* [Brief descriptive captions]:
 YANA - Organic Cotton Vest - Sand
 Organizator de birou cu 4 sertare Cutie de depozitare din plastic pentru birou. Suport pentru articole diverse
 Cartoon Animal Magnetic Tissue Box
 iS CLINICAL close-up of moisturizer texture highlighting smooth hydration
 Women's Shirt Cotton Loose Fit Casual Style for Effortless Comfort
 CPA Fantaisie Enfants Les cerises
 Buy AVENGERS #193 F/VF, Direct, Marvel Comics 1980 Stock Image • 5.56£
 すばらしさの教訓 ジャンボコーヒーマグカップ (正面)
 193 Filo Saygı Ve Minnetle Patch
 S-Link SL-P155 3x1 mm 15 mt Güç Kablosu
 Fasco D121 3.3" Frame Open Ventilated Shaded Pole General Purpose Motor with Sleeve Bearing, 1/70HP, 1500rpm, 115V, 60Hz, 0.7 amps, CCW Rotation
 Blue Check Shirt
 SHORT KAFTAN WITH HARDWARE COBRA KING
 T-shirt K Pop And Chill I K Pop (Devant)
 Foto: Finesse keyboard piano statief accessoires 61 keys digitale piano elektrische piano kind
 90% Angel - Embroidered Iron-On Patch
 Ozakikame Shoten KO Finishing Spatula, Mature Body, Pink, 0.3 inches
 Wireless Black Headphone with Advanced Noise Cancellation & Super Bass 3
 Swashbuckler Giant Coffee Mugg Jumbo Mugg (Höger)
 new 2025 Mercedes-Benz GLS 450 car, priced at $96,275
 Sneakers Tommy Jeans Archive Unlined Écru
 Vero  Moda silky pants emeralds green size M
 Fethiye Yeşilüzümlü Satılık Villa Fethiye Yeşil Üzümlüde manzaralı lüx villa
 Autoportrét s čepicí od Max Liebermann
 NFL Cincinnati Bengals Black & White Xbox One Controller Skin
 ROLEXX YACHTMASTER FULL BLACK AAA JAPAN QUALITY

* [What the exercise asks]:
Give the data again, exactly as it appears above.

* [Answer section]:
 YANA - Organic Cotton Vest - Sand
 Organizator de birou cu 4 sertare Cutie de depozitare din plastic pentru birou. Suport pentru articole diverse
 Cartoon Animal Magnetic Tissue Box
 iS CLINICAL close-up of moisturizer texture highlighting smooth hydration
 Women's Shirt Cotton Loose Fit Casual Style for Effortless Comfort
 CPA Fantaisie Enfants Les cerises
 Buy AVENGERS #193 F/VF, Direct, Marvel Comics 1980 Stock Image • 5.56£
 すばらしさの教訓 ジャンボコーヒーマグカップ (正面)
 193 Filo Saygı Ve Minnetle Patch
 S-Link SL-P155 3x1 mm 15 mt Güç Kablosu
 Fasco D121 3.3" Frame Open Ventilated Shaded Pole General Purpose Motor with Sleeve Bearing, 1/70HP, 1500rpm, 115V, 60Hz, 0.7 amps, CCW Rotation
 Blue Check Shirt
 SHORT KAFTAN WITH HARDWARE COBRA KING
 T-shirt K Pop And Chill I K Pop (Devant)
 Foto: Finesse keyboard piano statief accessoires 61 keys digitale piano elektrische piano kind
 90% Angel - Embroidered Iron-On Patch
 Ozakikame Shoten KO Finishing Spatula, Mature Body, Pink, 0.3 inches
 Wireless Black Headphone with Advanced Noise Cancellation & Super Bass 3
 Swashbuckler Giant Coffee Mugg Jumbo Mugg (Höger)
 new 2025 Mercedes-Benz GLS 450 car, priced at $96,275
 Sneakers Tommy Jeans Archive Unlined Écru
 Vero  Moda silky pants emeralds green size M
 Fethiye Yeşilüzümlü Satılık Villa Fethiye Yeşil Üzümlüde manzaralı lüx villa
 Autoportrét s čepicí od Max Liebermann
 NFL Cincinnati Bengals Black & White Xbox One Controller Skin
 ROLEXX YACHTMASTER FULL BLACK AAA JAPAN QUALITY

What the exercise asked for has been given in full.